Gambar 1: Sekitar 1% dari “semut” yang dilihat di pesawat televisi (terutama saat perpindahan canel) adalah berasal dari CMB.
Mungkin kita tidak sadar, seperti halnya astronomi, ada dua contoh objek kosmologi yang paling dekat dengan kehidupan kita. Pertama adalah kegelapan di malam hari, kedua adalah siaran “semut” yang muncul saat pergantian satu canel ke canel lain di pesawat televisi kita. Sekitar 1% dari “semut” yang kita lihat tersebut (Gambar 1) berasal dari Cosmic Microwave Background (CMB / Latar Kosmik Gelombang Radio) – mungkin merupakan objek yang paling berharga saat ini dalam ilmu kosmologi.
Malam Hari Yang Gelap
Fenomena malam hari yang gelap terlihat sederhana, namun penjelasannya tidaklah begitu sederhana dalam kosmologi. Kosmologi menganut prinsip bahwa Alam Semesta dalam skala besar bersifat isotropik dan homogen; karena ada lebih dari 400 miliar (1 miliar = 109) bintang di dalam galaksi kita – dengan kata Bumi kita ‘dikepung’ oleh bintang-bintang – maka seharusnya Bumi kita terang-benderang baik siang ataupun malam. Paradoks ini disebut Paradoks Olber (Heinrich Olber, Astronom Jerman, 1758 – 1840)  dan sudah dibahas di Rubrik Cakrawala beberapa waktu yang lewat.
Salah satu solusi paradoks ini adalah menyaratkan Alam Semesta memiliki umur tertentu dan mengembang. Dan ini adalah dua karakter Alam Semesta yang penting dalam ilmu kosmologi. Jadi, malam hari yang gelap adalah satu dari dua contoh objek kosmologi yang paling dekat dengan kehidupan kita.
Radiasi Latar Kosmik Gelombang Radio (CMB)
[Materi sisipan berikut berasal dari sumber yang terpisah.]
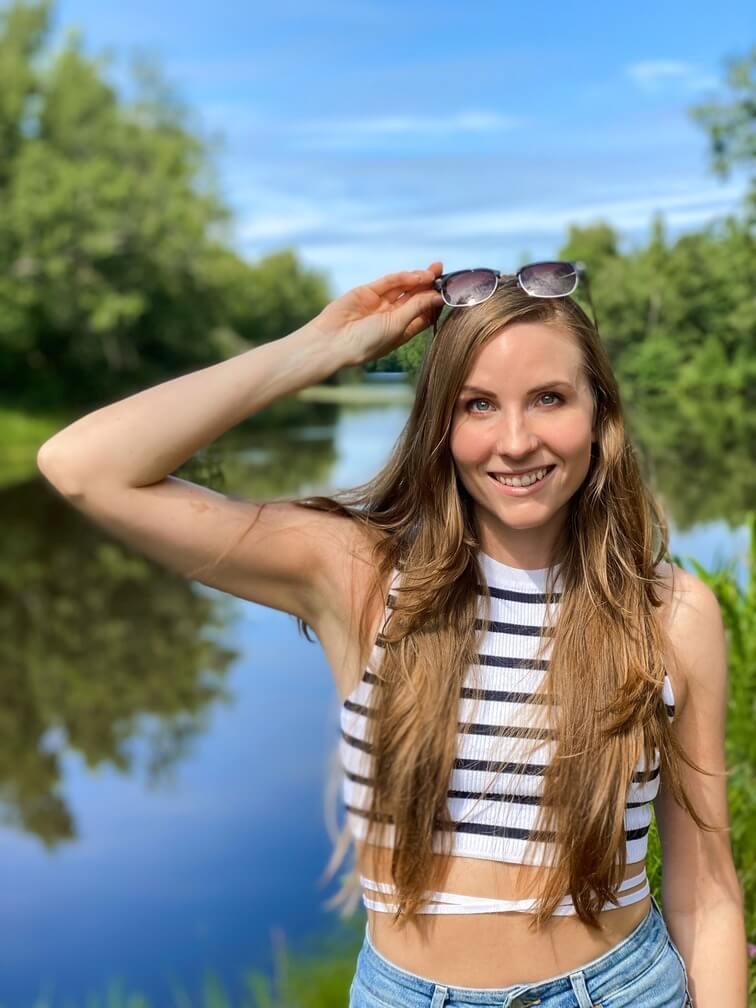Woman smiling by a lake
Gambar 2. Penzias (kiri) dan Wilson (kanan) berpose di depan antena yang memberikan mereka Hadiah Nobel pada tahun 1975 untuk penemuan CMB.
Gambar 2. Penzias (kiri) dan Wilson (kanan) berpose di depan antena yang memberikan mereka Hadiah Nobel pada tahun 1975 untuk penemuan CMB.
Radiasi Latar Kosmik Gelombang Radio (biasa disingkat dengan CMB) adalah radiasi elektromagnetik dengan frekuensi pada daerah gelombang radio. CMB pertama kali terdeteksi secara tidak sengaja oleh Arno Penzias dan Robert Wilson pada tahun 1965 (Gambar 2), dua orang insinyur Bell Telephone Laboratories yang sedang melakukan riset untuk memperbaiki transmisi data komunikasi untuk kepentingan industri. Mereka mendapat kesulitan untuk menghilangkan gelombang gangguan (noise) pada daerah gelombang radio yang diterima antena mereka dari segala arah. Segala cara sudah dilakukan termasuk mengusir burung-burung yang bersarang di bagian dalam antena dan membersihkan dari kotorannya.
Gangguan ini ternyata adalah CMB, yang sebelumnya sudah diprediksi oleh George Gamow (Fisikawan Ukraina, 1904 – 1968)  pada tahun 1946 sebagai salah satu konsekuensi dari Teori Dentuman Besar (Bigbang Theory). Teori Dentuman Besar dicetuskan pertama kali oleh Georges Lemaître (Fisikawan Belgia dan juga Pendeta Katolik, 1894 – 1966) pada tahun 1931. Teori ini menjelaskan kejadian awal alam semesta yang merupakan sebuah titik kecil masif tanpa dimensi dan kemudian meledak sehingga kemudian terciptalah dimensi ruang-waktu, radiasi, dan materi (Gambar 3). Sisa-sisa radiasi yang terjadi saat dentuman itu, sesuai dengan teori ini, seharusnya masih ada sampai sekarang dalam bentuk gelombang radio. Penzias dan Wilson mendapatkan Nobel pada tahun 1978 atas pembuktian eksistensi radiasi ini.
Gambar 3. Sejarah singkat Alam Semesta dalam gambar. Saat ini fisika kita belum mapan untuk menjelaskan kejadian dari Dentuman Besar sampai dengan masa Inflasi. Inflasi adalah proses di mana alam semesta mengembang 1030 kali dalam waktu 10-35 detik. Saat berusia sekitar 300.000 tahun, cahaya terbebas dari lautan partikel sub-atomik. Cahaya inilah yang disebut radiasi CMB (baca teks). Pola penyebaran cahaya ke segenap penjuru Alam Semesta bisa dilacak dari keberadaan CMB sekarang. Diilustrasikan di atas bagaimana Satelit WMAP menghasilkan peta CMB yang memberikan gambaran kepada kita bagaimana kejadian pada saat Alam Semesta berusia 300.000 tahun. Peta utuh CMB hasil WMAP dapat dilihat pada Gambar 4.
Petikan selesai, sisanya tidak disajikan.